Stanford researchers receive $5.8 million grant from state stem cell agency

- By Krista Conger

STANFORD, Calif. - Researchers at Stanford University's School of Medicine today received a $5.8 million grant from the California Institute for Regenerative Medicine. Michael Longaker, MD, is the principal investigator on the five-year grant, which is focused on ways to stimulate existing adult stem cells to heal damaged nerves, bone, skin and cardiac muscle.

The grant was made as part of the institute's Early Translational Research Awards, which are meant to move promising basic stem cell research from the laboratory into the clinic. It was one of 15 grants totaling $67.7 million that were awarded during a meeting of the institute's 29-member governing board.

"With these Early Translational grants, CIRM has taken the first step in funding translational research that will be critical for the development of future therapies," said CIRM president Alan Trounson in a prepared statement. "These grants are an important part of CIRM's strategy to fund the best basic research and then bring the results of that work to patients."

Longaker, who is the deputy director of Stanford's Institute for Stem Cell Biology and Regenerative Medicine, and his colleagues plan to continue their ongoing study of a class of protein molecules called Wnts that mediate the natural response of adult stem cells to injury. The grant received the highest score of the 15 applications approved for funding, and reviewers were noted to be "uniformly enthusiastic" about the proposal.

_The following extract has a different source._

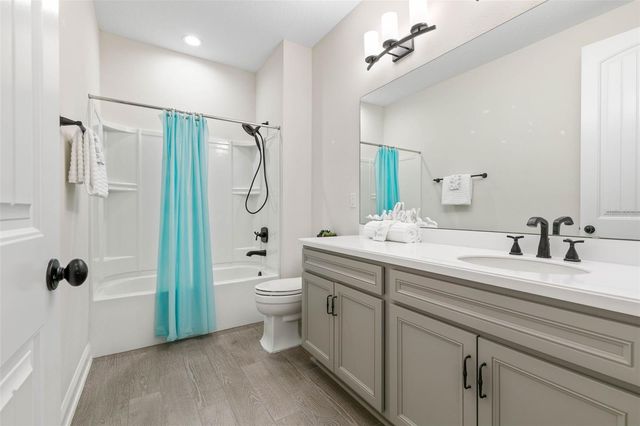 13 LAS BRISAS WAY, Palm Coast, FL 32137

"This approach takes advantage of the solution that nature itself developed for repairing damaged or diseased tissues," Longaker wrote in the grant application, noting that it also bypasses immunological and ethical hurdles to using transplanted stem cells in human therapy because it would involve stimulating a patient's own stem cells. "When utilizing this strategy, the goal of reaching clinical trials in human patients within five years becomes realistic."

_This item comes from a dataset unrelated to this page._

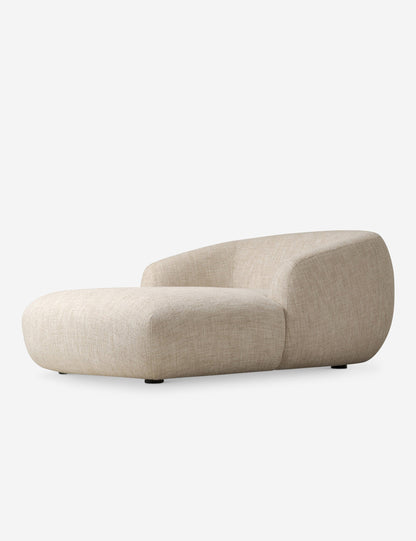 Padfield Chaise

Today's grants from CIRM were a vote of confidence buoyed by California's recent success in selling public bonds. Board members had been hesitant in the previous two meetings to commit funds to new projects. However, the state sold $6.5 billion in public bonds last month and allocated $275 million to the institute. According to a press release from the institute, additional bond funds earmarked for CIRM were used to repay a prior state loan.

With this grant, CIRM has approved a total of $107 million in grants to Stanford.